Should companies demonstrate a sense of social responsibility? Etsy’s CEO thinks they should. In an essay published on LinkedIn, Chad Dickerson explained he was asked by the site’s editors to answer the question, “What is the one big idea that will shape the next year?”
“Our answer,” he wrote, “is based in the simple fact that people want and expect a greater level of personal connection and demonstrated sense of social responsibility from the companies they support.”

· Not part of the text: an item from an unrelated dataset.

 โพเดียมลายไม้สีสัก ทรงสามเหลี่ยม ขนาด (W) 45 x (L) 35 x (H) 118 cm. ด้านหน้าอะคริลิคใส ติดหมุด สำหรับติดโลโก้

People are demanding that companies act ethically and responsibly and they are quick to call companies out when they don’t, he said. “The mindset that business should have a social purpose isn’t a radical new concept. It was the norm in the era before mass commerce, when most companies were local and business leaders had a vested interest in helping their communities flourish. Local bankers wanted the shopkeepers they lent to to prosper; they understood the need to literally invest in the community for the benefit of all. Take that mindset to the global, connected world, marry it to the expectations of millennials, and soon every business will need to integrate social impact into what it does day to day.”
Dickerson also talked about the desire for a genuine personal connection. “After all, the Internet is made up of individuals who want to connect. And the easier it is to connect, the more people crave meaningful contact, a backlash against instant but soulless gratification provided by a faceless corporate entity that you can’t interact with.”

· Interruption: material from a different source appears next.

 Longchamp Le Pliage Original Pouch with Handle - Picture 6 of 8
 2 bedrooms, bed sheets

And of course the CEO brought it back to Etsy:
The principle that companies should have a social purpose that is inherent to their business lies at the heart of Etsy, which enables people around the world to connect offline and online to make, sell and buy unique goods. We help creative entrepreneurs start, scale and enjoy their businesses, and we connect them to buyers who care about where they spend their money.

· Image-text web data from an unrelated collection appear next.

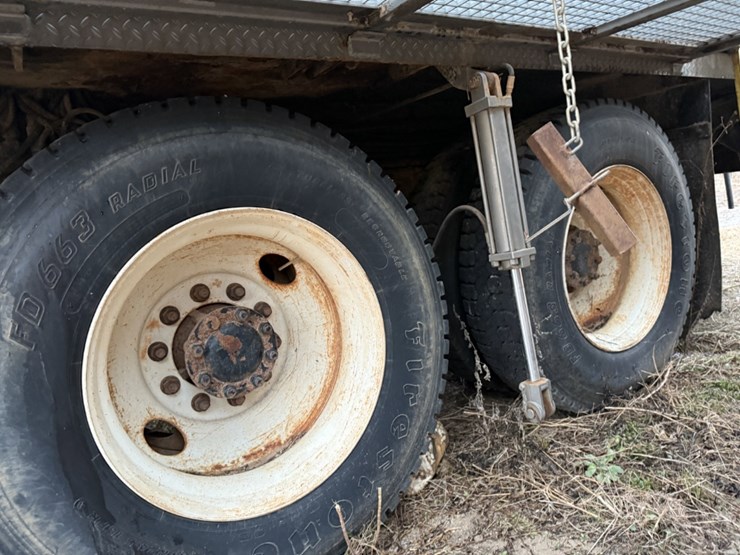 2009-international-workstar-7500-image-27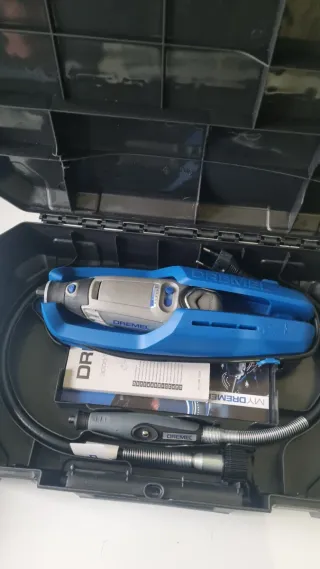 Dremel 3000 + 25 Accessori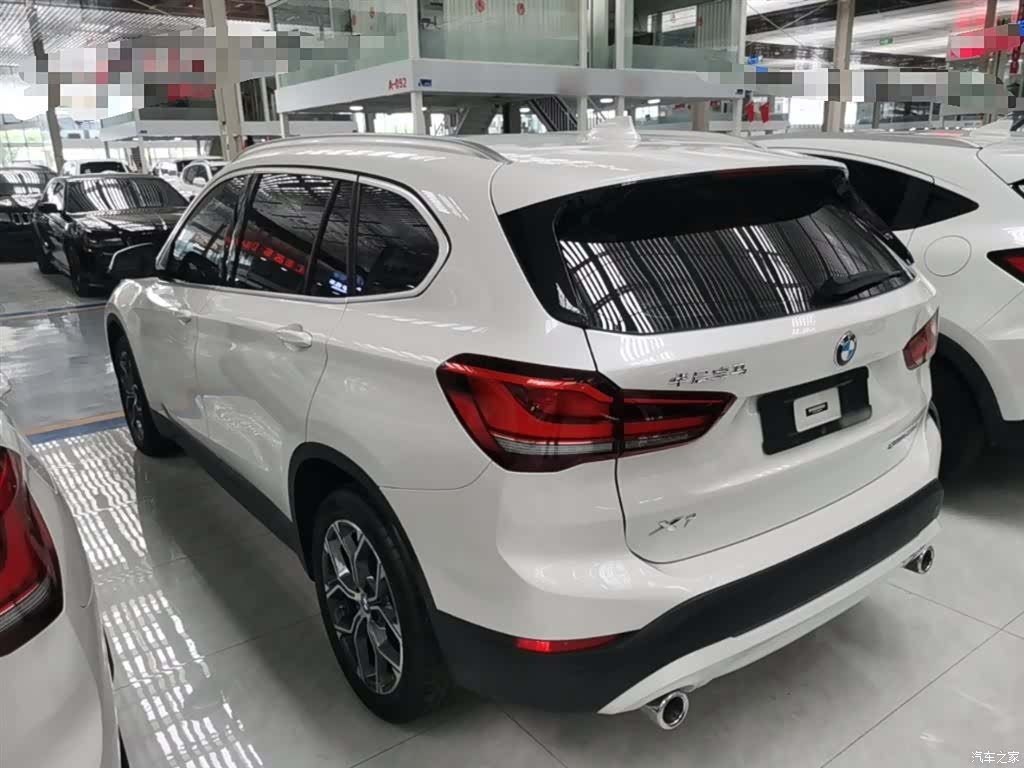 BMW X1, 2022 все фото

Etsy is a global platform, but the proceeds from these transactions flow locally, largely going back to the communities where our sellers live. We’ve made it easier for sellers to grow responsibly, with an application and approval process we put in place a year ago that helps makers partner with local manufacturers that share their values.
Some might wonder if such ideas are scalable, especially in light of eBay’s history. If Etsy goes public, will it be able to keep its promise of social responsibility while satisfying shareholders?
“In 2015, we’re going to see more consumers align their hearts with their dollars,” Dickerson wrote.